**Problem statement**
Only an exact repetition of all the entries will be accepted.

**Exercise inputs**
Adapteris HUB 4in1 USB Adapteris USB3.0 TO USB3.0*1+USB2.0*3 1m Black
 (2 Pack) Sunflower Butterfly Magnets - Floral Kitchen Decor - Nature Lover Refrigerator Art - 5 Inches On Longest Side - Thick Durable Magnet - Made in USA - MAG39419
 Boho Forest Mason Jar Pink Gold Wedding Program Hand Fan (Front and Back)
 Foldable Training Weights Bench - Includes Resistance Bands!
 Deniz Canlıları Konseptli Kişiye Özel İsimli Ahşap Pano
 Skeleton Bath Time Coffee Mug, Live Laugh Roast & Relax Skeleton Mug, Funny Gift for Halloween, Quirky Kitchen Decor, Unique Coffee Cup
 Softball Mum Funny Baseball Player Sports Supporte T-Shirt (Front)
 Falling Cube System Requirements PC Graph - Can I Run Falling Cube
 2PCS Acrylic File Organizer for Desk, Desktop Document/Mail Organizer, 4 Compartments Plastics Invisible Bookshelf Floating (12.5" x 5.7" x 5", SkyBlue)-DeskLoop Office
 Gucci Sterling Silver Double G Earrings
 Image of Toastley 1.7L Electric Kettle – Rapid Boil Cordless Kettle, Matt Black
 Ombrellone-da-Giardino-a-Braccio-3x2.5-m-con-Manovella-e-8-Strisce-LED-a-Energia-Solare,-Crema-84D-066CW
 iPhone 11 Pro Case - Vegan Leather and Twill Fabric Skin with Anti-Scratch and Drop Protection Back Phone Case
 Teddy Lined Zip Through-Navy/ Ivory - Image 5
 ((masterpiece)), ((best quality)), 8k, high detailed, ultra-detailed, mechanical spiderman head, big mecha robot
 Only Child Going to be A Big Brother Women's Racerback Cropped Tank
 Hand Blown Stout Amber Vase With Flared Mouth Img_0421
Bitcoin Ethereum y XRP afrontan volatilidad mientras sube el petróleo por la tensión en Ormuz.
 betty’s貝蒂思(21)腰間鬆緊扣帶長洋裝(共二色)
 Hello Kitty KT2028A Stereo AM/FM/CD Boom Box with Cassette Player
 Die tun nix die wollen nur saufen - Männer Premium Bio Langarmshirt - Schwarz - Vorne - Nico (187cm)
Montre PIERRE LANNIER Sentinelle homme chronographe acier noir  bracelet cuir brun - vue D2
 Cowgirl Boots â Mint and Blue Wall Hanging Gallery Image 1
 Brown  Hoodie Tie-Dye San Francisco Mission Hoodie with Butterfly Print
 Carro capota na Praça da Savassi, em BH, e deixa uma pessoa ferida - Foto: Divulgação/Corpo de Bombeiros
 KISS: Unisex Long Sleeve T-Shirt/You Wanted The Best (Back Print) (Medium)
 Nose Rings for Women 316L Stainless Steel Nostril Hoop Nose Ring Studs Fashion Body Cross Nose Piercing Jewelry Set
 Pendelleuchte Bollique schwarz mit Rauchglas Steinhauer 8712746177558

**Written answer**
Adapteris HUB 4in1 USB Adapteris USB3.0 TO USB3.0*1+USB2.0*3 1m Black
 (2 Pack) Sunflower Butterfly Magnets - Floral Kitchen Decor - Nature Lover Refrigerator Art - 5 Inches On Longest Side - Thick Durable Magnet - Made in USA - MAG39419
 Boho Forest Mason Jar Pink Gold Wedding Program Hand Fan (Front and Back)
 Foldable Training Weights Bench - Includes Resistance Bands!
 Deniz Canlıları Konseptli Kişiye Özel İsimli Ahşap Pano
 Skeleton Bath Time Coffee Mug, Live Laugh Roast & Relax Skeleton Mug, Funny Gift for Halloween, Quirky Kitchen Decor, Unique Coffee Cup
 Softball Mum Funny Baseball Player Sports Supporte T-Shirt (Front)
 Falling Cube System Requirements PC Graph - Can I Run Falling Cube
 2PCS Acrylic File Organizer for Desk, Desktop Document/Mail Organizer, 4 Compartments Plastics Invisible Bookshelf Floating (12.5" x 5.7" x 5", SkyBlue)-DeskLoop Office
 Gucci Sterling Silver Double G Earrings
 Image of Toastley 1.7L Electric Kettle – Rapid Boil Cordless Kettle, Matt Black
 Ombrellone-da-Giardino-a-Braccio-3x2.5-m-con-Manovella-e-8-Strisce-LED-a-Energia-Solare,-Crema-84D-066CW
 iPhone 11 Pro Case - Vegan Leather and Twill Fabric Skin with Anti-Scratch and Drop Protection Back Phone Case
 Teddy Lined Zip Through-Navy/ Ivory - Image 5
 ((masterpiece)), ((best quality)), 8k, high detailed, ultra-detailed, mechanical spiderman head, big mecha robot
 Only Child Going to be A Big Brother Women's Racerback Cropped Tank
 Hand Blown Stout Amber Vase With Flared Mouth Img_0421
Bitcoin Ethereum y XRP afrontan volatilidad mientras sube el petróleo por la tensión en Ormuz.
 betty’s貝蒂思(21)腰間鬆緊扣帶長洋裝(共二色)
 Hello Kitty KT2028A Stereo AM/FM/CD Boom Box with Cassette Player
 Die tun nix die wollen nur saufen - Männer Premium Bio Langarmshirt - Schwarz - Vorne - Nico (187cm)
Montre PIERRE LANNIER Sentinelle homme chronographe acier noir  bracelet cuir brun - vue D2
 Cowgirl Boots â Mint and Blue Wall Hanging Gallery Image 1
 Brown  Hoodie Tie-Dye San Francisco Mission Hoodie with Butterfly Print
 Carro capota na Praça da Savassi, em BH, e deixa uma pessoa ferida - Foto: Divulgação/Corpo de Bombeiros
 KISS: Unisex Long Sleeve T-Shirt/You Wanted The Best (Back Print) (Medium)
 Nose Rings for Women 316L Stainless Steel Nostril Hoop Nose Ring Studs Fashion Body Cross Nose Piercing Jewelry Set
 Pendelleuchte Bollique schwarz mit Rauchglas Steinhauer 8712746177558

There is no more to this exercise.